For Tuesday, November 20, 2012, We Recommend Against Investing

Technical Comment:

The S&P 500 advance 2% on Monday with volume below last Friday and lighter than the 30 day moving average volume.  The very large increase of the S&P 500 index caused a reversal of our stop loss trigger and returned our automatic forecast to a growth trend.  Should the S&P 500 decline about 19 points on Tuesday (-1.4%), our forecast would likely change again back to an uncertain trend.

Subjective Comment:

With the acceleration of the US M2 money supply growth we are not surprised to see a large upward movement in the US stock markets.  Still, a one day jump of 2% on the S&P 500 is impressive.  It would have been more noteworthy had it occurred on strong volume.  Monday saw light volume, and that is reason to be weary of the movement in US markets.  Jumping back in now is not advisable.  We still think US markets will be highly volatile through the remainder of 2012 with overall direction flat or down.
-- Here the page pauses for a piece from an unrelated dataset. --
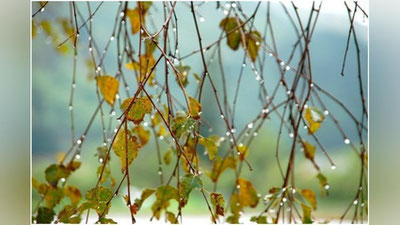 'O`zbekistonda bugun kutilayotgan ob-havo ma`lumoti e`lon qilindi'ning rasmi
Another reason to be cautious about investing on Tuesday comes from Moody’s downgrade of French sovereign debt from triple A after US markets closed on Monday.  This will likely spook investors and markets could decline on Tuesday, or could at least open below Monday’s close.  Continue to avoid all bonds and stay out of stock market index funds for now.  Price inflation will continue to be high and will probably go higher in 2013, so price inflation hedges are a good idea if you able to hold for a very long time.